LIVRES HEBDO, Laëtitia Favro, janvier 2023


L’été meurtrier

Jan Carson imagine une communauté éprouvée par un mal mystérieux s’attaquant aux camarades d’une même classe, à l’exception d’une petite fille.

À Ballylack, paisible bourgade de l’Ulster, l’été 1993 s’annonce semblable aux précédents. Les enfants jouent près des balançoires, les tondeuses bourdonnent. Oui, « 1993 ressemble à tous les étés de Ballylack ». Jusqu’à ce qu’un premier enfant meure. Ross McCormick, « un enfant maladif ». La communauté est en émoi mais se range au diagnostic des médecins : une fièvre glandulaire aura eu raison de la mauvaise santé de l’enfant. Mais quand la petite Kathleen est elle aussi emportée par la mystérieuse maladie, puis les jumelles Miriam et Elizabeth, la psychose l’emporte. Un à un, les camarades de classe d’Hannah disparaissent. Aux yeux de tous sauf de la jeune fille, qui croise bientôt leurs fantômes, de nuit dans la salle de bains ou dans la voiture de ses parents. Pourquoi Hannah est-elle la seule à être épargnée ? La seule à qui ses camarades défunts choisissent d’apparaître ?

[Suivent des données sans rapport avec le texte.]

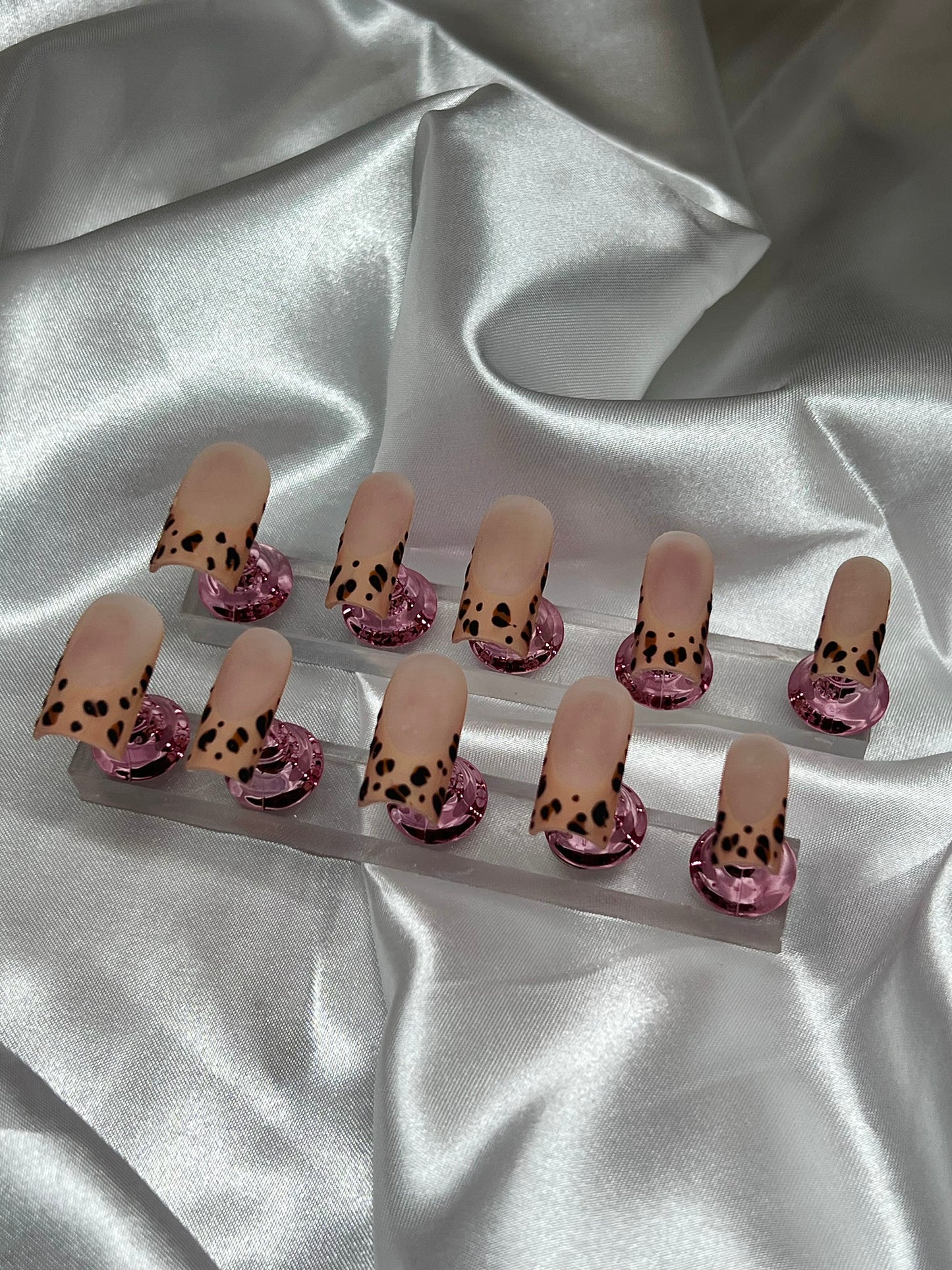 Wild Tip Chic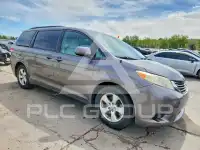 2011 Toyota SIENNA фото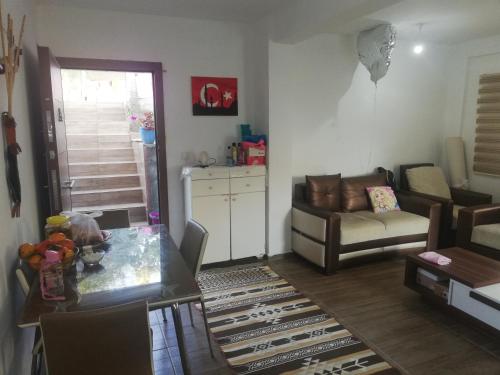 - un salon avec un canapé et une table dans l'établissement Albayrak Homes, à Bodrum City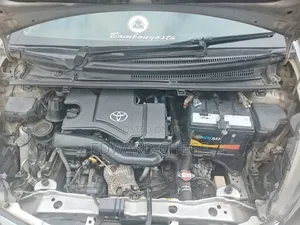 Toyota Vitz 2015 Silver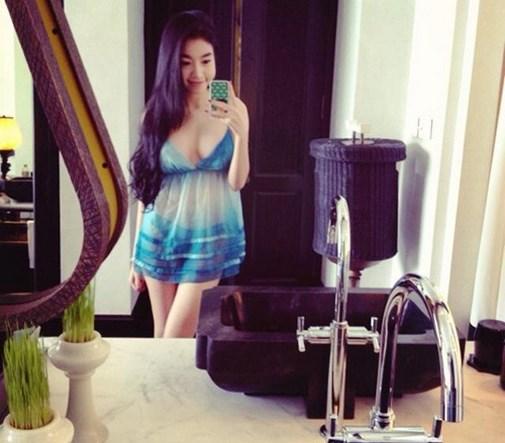 Elly Trần và dàn sao Việt đọ sexy trong phòng tắm - 2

À Ballylack, déjà éprouvée par les « Troubles » qui embrasent chaque été l’Irlande du Nord, la rumeur grandit, renforcée par l’arrivée de scientifiques et de journalistes, qui font du drame une affaire nationale. La communauté se fissure : « une partie de Balllylack pense fermement que certaines personnes s’attirent les ennuis qu’elles méritent. » Quand certains crient justice, d’autres questionnent la force de leur foi. Absorbant chaque dimanche « l’Apocalypse comme une petite éponge », Hannah s’est souvent retrouvée isolée des enfants de son âge en raison du protestantisme rigoriste de ses parents. Est-ce pour cette raison que les morts choisissent de se manifester à elle, et lui révèlent un indice qui pourrait bien renfermer la clé de l’énigme ?

Née à Ballymena en Ulster, Jan Carson récrée dans Les Ravissements une communauté dont le nom et le conservatisme ne sont pas sans rappeler sa ville d’origine. Suivant Hannah dans son quotidien ou navigant dans Ballylack, l’écrivaine s’insinue dans les foyers pour en observer les croyances, les coutumes, mais aussi les mauvaises pensées. Adoptant les tics de langage des personnages qu’elle visite, sa plume nous plonge dans l’intimité d’une société semblable à tant d’autres, décryptant ses réactions face à l’avancée du fléau. Entre roman de mœurs et récit policier nourri de réalisme magique, Les Ravissements se joue de nos peurs et d’un matérialisme auquel nous sommes tentés de nous raccrocher à tout prix quand survient l’inconnu.